President Biden Tested Positive for COVID Again—Here's Why
The president has experienced a rebound COVID case after recovering from his infection.
President Joe Biden became the second U.S. president to test positive for COVID while in office on July 21. At the time, Press Secretary Karine Jean-Pierre released a statement on Biden's infection, notifying Americans that he was "experiencing very mild symptoms" and would isolate until he tested negative. Five days later, Biden was able to end his isolation on July 27 after testing negative twice within 24 hours. But the president's freedom from COVID was short-lived, as he just tested positive for a second time. Read on to find out how Biden has tested positive twice in two weeks.
Biden recently ended his initial COVID isolation.
Biden returned to work in the Oval Office on July 27 after receiving two negative COVID tests following five days of quarantine, according to CNBC. The president was expected to recover from his infection quickly, as he is fully vaccinated and twice boosted.

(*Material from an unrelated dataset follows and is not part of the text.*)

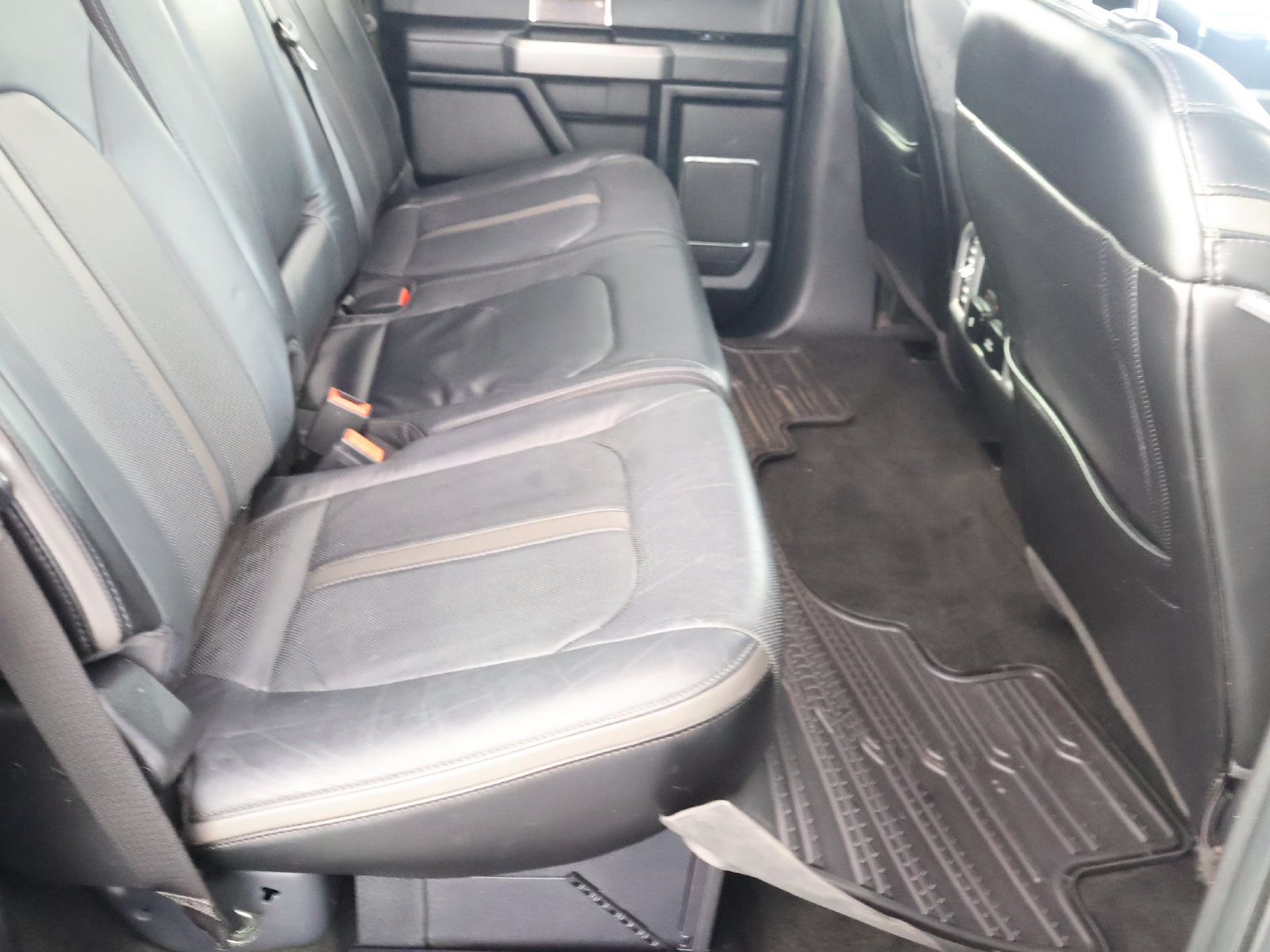 Used 2017 Ford F250 4x4 Crew Cab Super Duty image 60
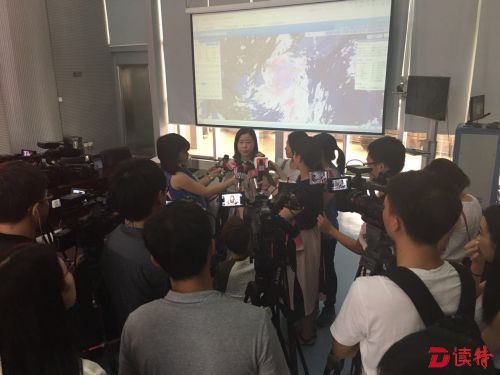 “妮妲”袭深 | 8月2日深圳这些火车高铁停运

"My symptoms were mild, my recovery was quick, and I'm feeling great," Biden said when he ended his isolation. On July 26, White House physician Kevin O'Connor wrote that the president's COVID symptoms had "almost completely resolved," and noted that Biden felt well enough to "resume his physical exercise regimen."
But he has now tested positive for the virus once again.
Just three days after ending his isolation, it was confirmed that Biden was COVID positive again on July 30, per CNN. "Folks, today I tested positive for COVID again. This happens with a small minority of folks," Biden tweeted at the time.
The reinfection was first revealed in a letter from O'Connor, who wrote that after testing negative Tuesday evening, Wednesday morning, Thursday morning, and Friday morning, the president tested positive again late on Saturday morning though antigen testing. "The President has experienced no reemergence of symptoms and continues to feel quite well," O'Connor wrote. "However, given his positive antigen test, he will reinitiate strict isolation procedures."
It appears Biden has experienced a rebound case following this treatment regimen.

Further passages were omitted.